À l’intérieur : salle basse, d’abord espace de stockage seulement accessible depuis l’étage (XIIe au XIVe s.). Vestiges du logis des premiers seigneurs de Lavardin (pierres très allongées du mur sud). Vers 1400 construction, à l’intérieur de la tour d’angle pleine (XIIe s.), d’un escalier d’apparat inspiré de celui du Louvre (B) Il dessert des étages qui sont alors restructurés : voûtes en trompe-l’œil, taillées sur le dessous des marches. Au premier (voir plan) : grande salle, cheminée aux armes de France (C), avec cette fois trois fleurs de lys (vers 1430), fenêtre (D) à meneaux polylobés (fin XIVe s.). Au deuxième : chambres du comte et de sa famille, sous voûtes richement décorées. Décor aux armes du suzerain : Louis II d’Anjou (1384-1417), et de la comtesse douairière : Alix de Bretagne, veuve de Bouchard VI, morte à Montoire en 1377.

À l’extérieur : vue sur la fenêtre à meneaux polylobés (XIVe s.), fenêtre (XIIe s.) murée au XVe s., fosse des latrines du donjon (XVe s.).

Derrière le donjon : pour renforcer la paroi ouest, élargie à 4 m. d’épaisseur (fin XIIe s.), deux tours pleines à la base (E-F) ajoutées aux angles (fin XIIe s), puis une forte tour (G) accolée au milieu (vers 1200). Elle était accessible par une porte haute et un couloir creusés dans l’épaisseur du mur du donjon. Brèche résultant du bombardement du siège de 1590, puis des travaux de démantèlement. La tour sud-ouest renferme un très étroit et obscur cachot (les fameuses oubliettes) seulement accessible depuis l’étage (H) par un puits, mais pourvu de latrines (XVe s.).

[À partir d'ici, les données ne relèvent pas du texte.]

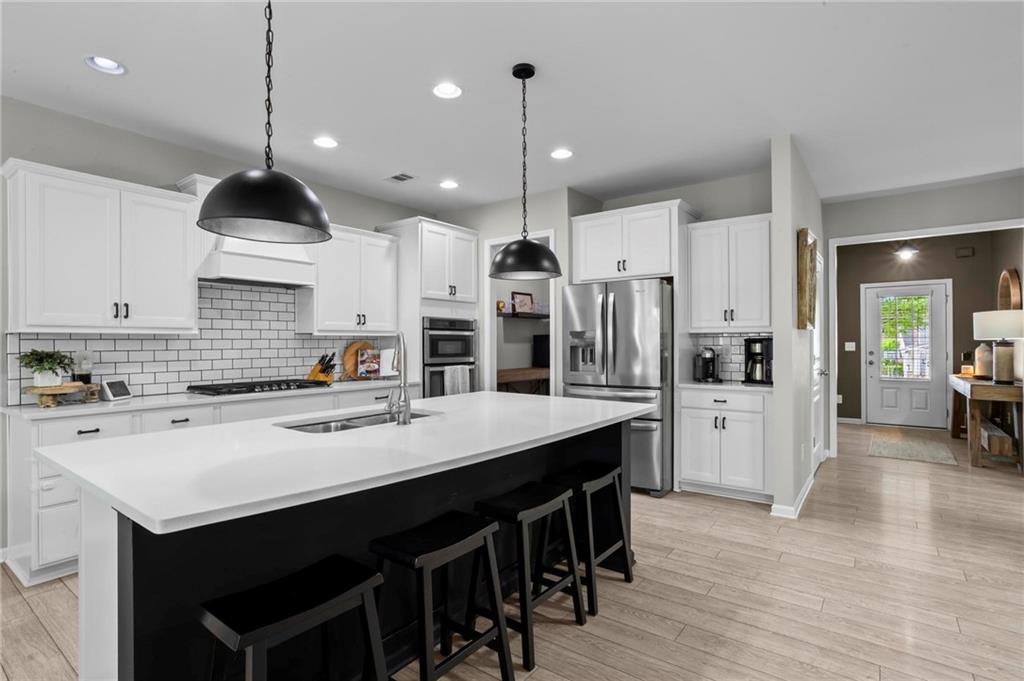 443 Timberleaf Road, Canton, GA 30115 — photo 2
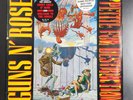 Guns N’ Roses Appetite For Destruction LP US Pressing Banned Cover Vinyl Record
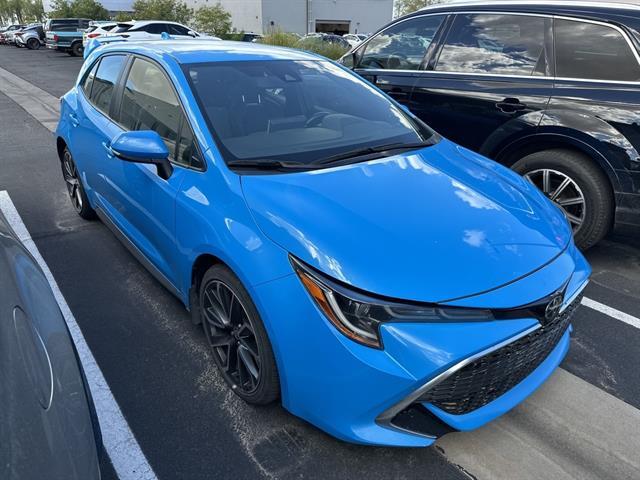 2022 Toyota Corolla Hatchback XSE Tucson AZ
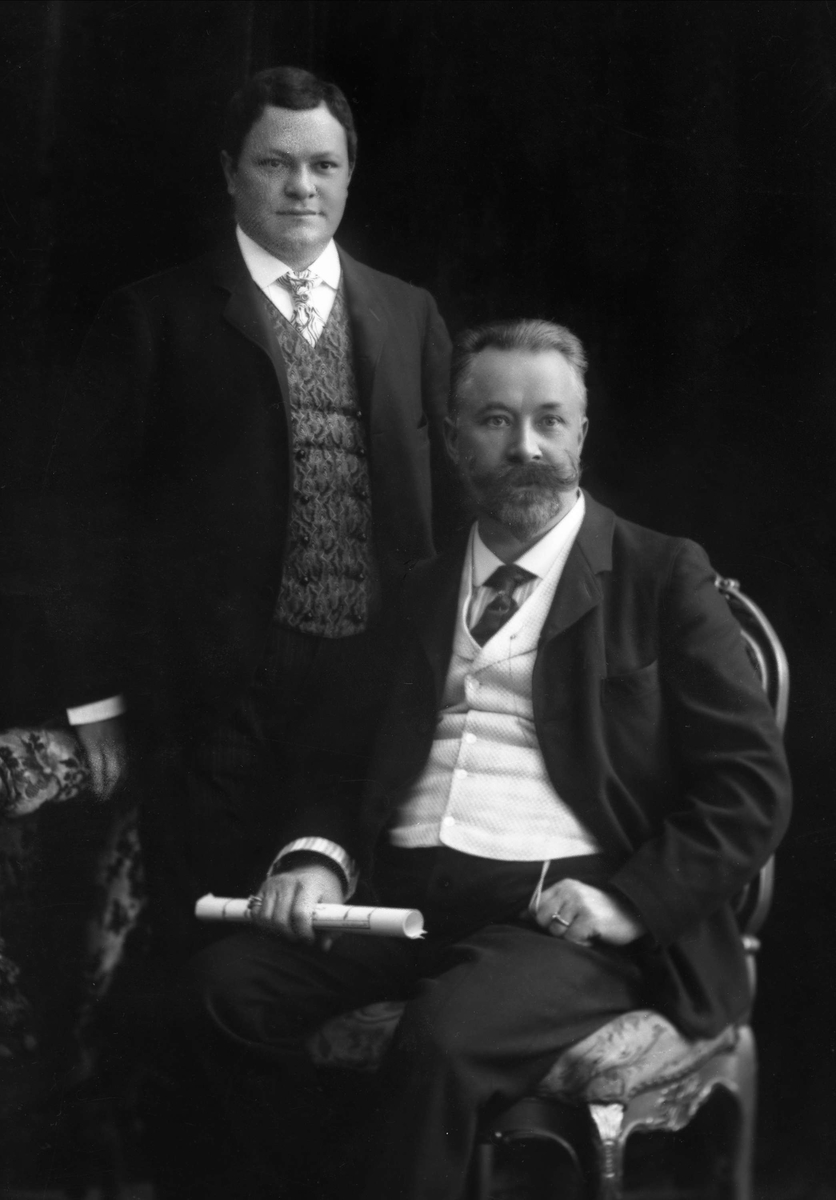 Gustav Borgen, NFB.43623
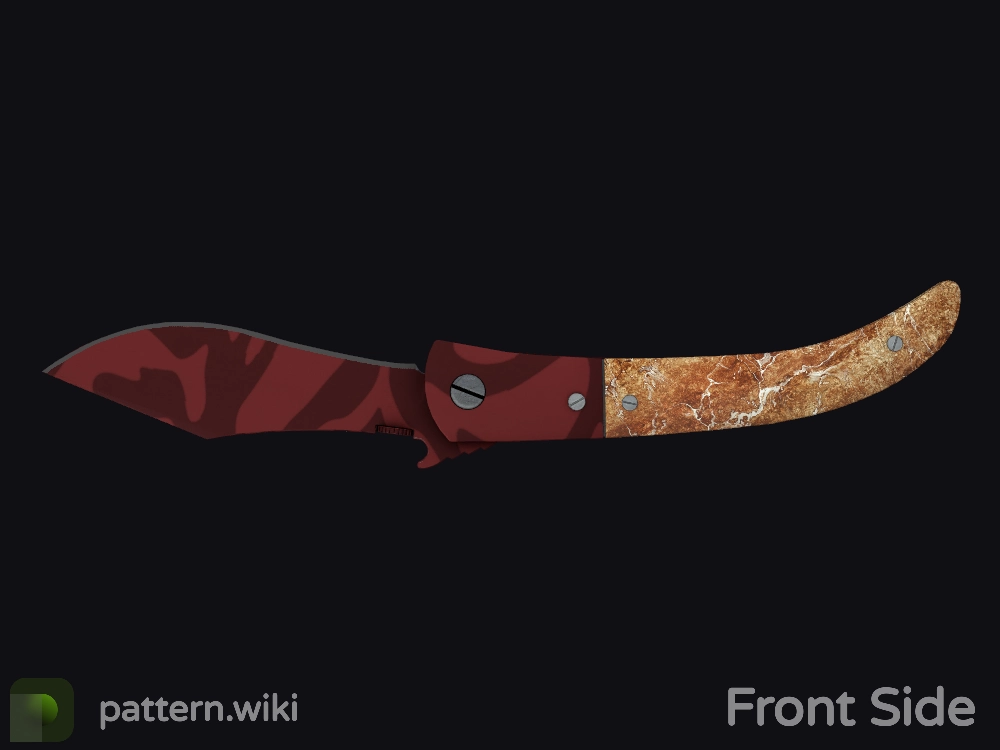 Navaja Knife Slaughter seed 55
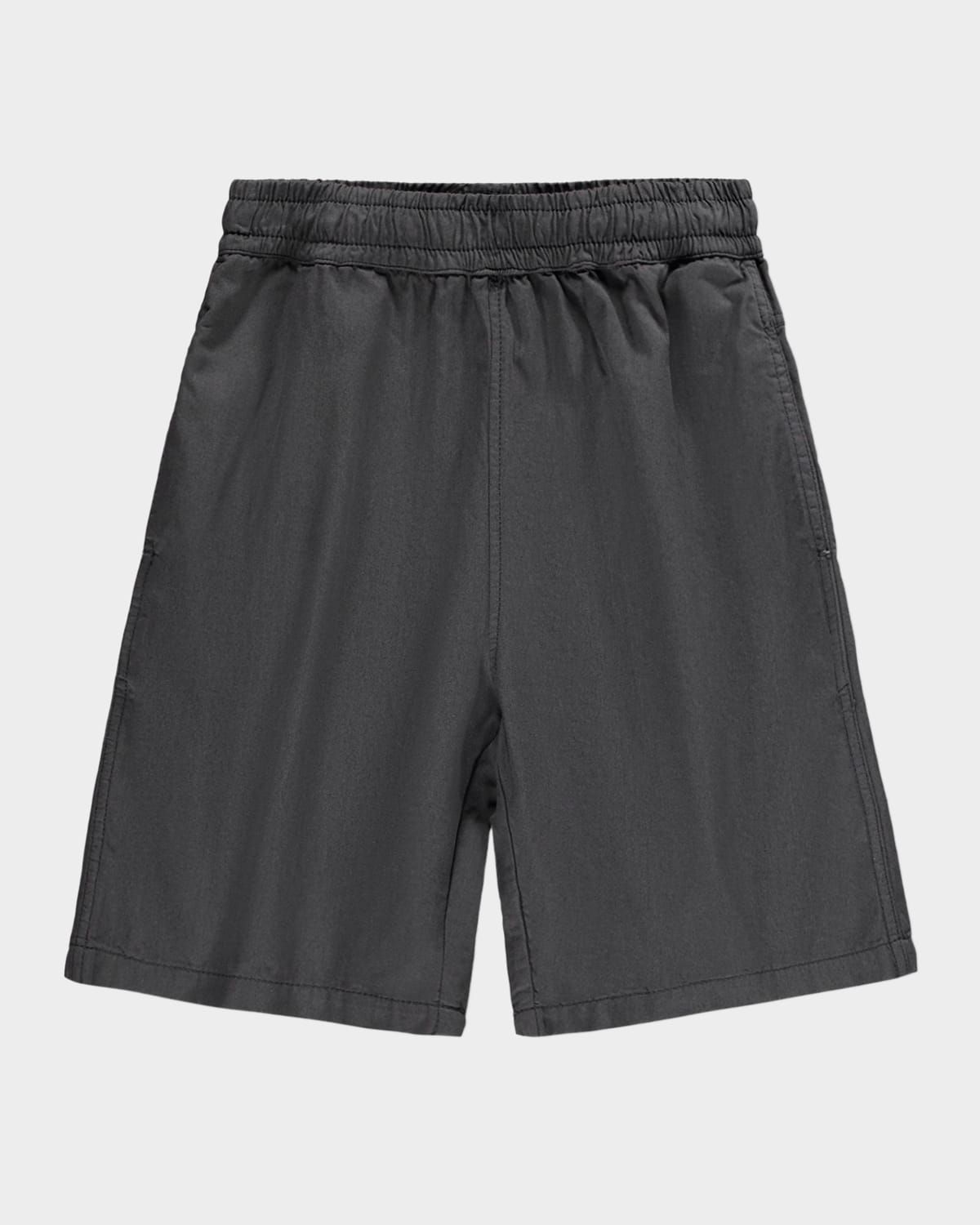 Boy & apos;s Arrow Organic Cotton Shorts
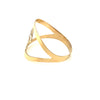 Anel em Ouro Amarelo 18k Menino 2.4g - Ricca Jewelry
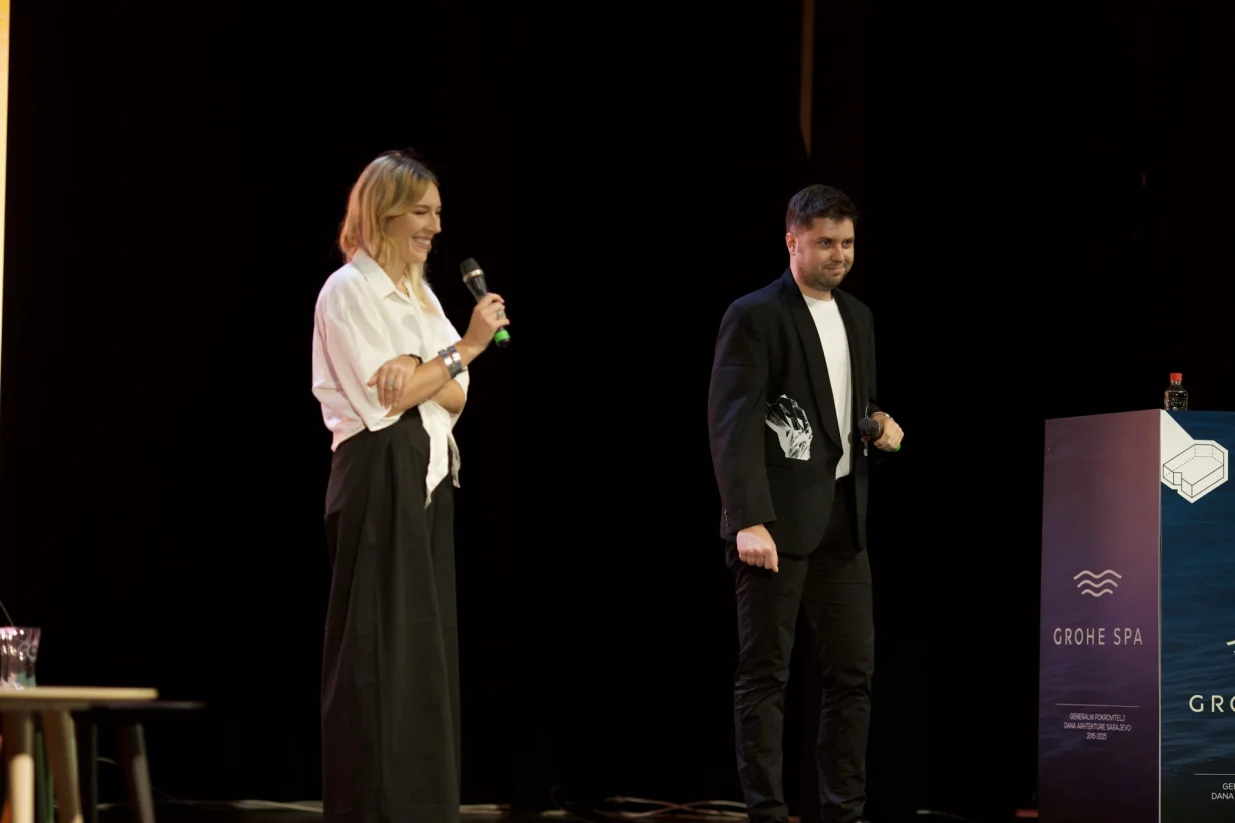 Otvoreni 15. Dani arhitekture 2025 u Sarajevu//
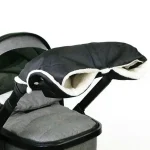 Gants chauds pour poussette bébé housse main polaire imperméable antifroid accessoire poussette pratique confort sécurité maman usage quotidien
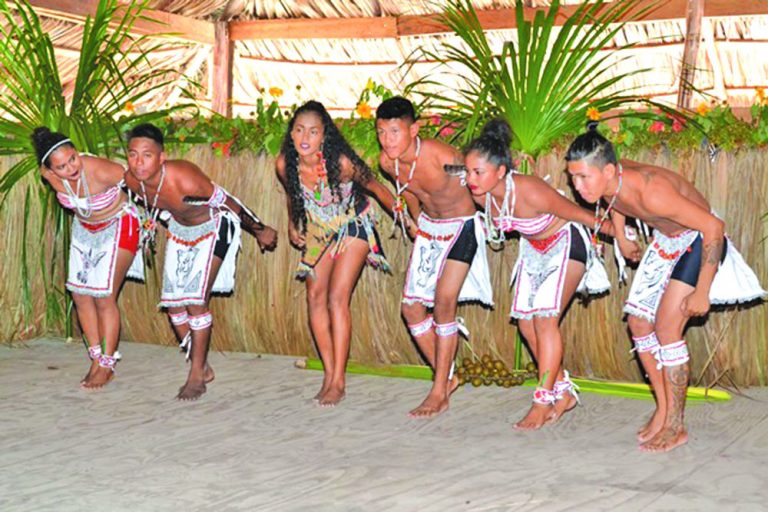 Hundreds flock St. Cuthbert’s Mission Heritage celebration Guyana Times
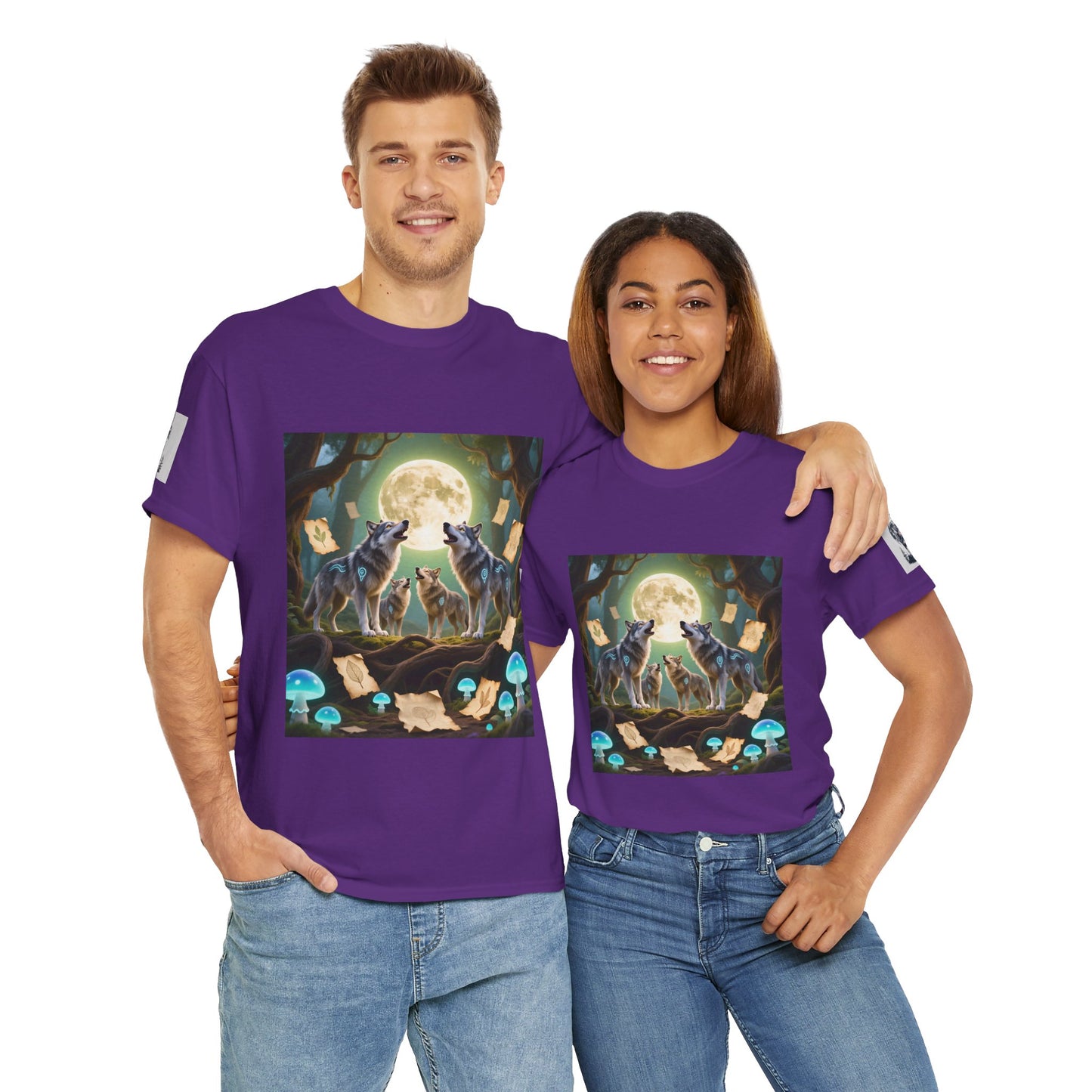Wolf Pack Tee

Vers le plateau, à l’ouest : premier fossé creusé dans le rocher, ouvrage avancé (pour l’emploi des canons au XVe s.?), deuxième fossé, motte (féodale du XIe s. ?) ou tumulus protohistorique (?), site d’habitat gaulois fouillé avant guerre, site néolithique, plus loin, tour quadrangulaire (Moyen Âge), habitat troglodytique à étage, dit Grottes des Vierges : cheminées coniques, silos, autel en roc (XIe/XIIe s. ?).

Au rez-de-chaussée de la Mairie voir le petit musée : boulets métalliques du siège de 1590, boulets de pierres des canons du XVe s., perrières du Moyen Âge.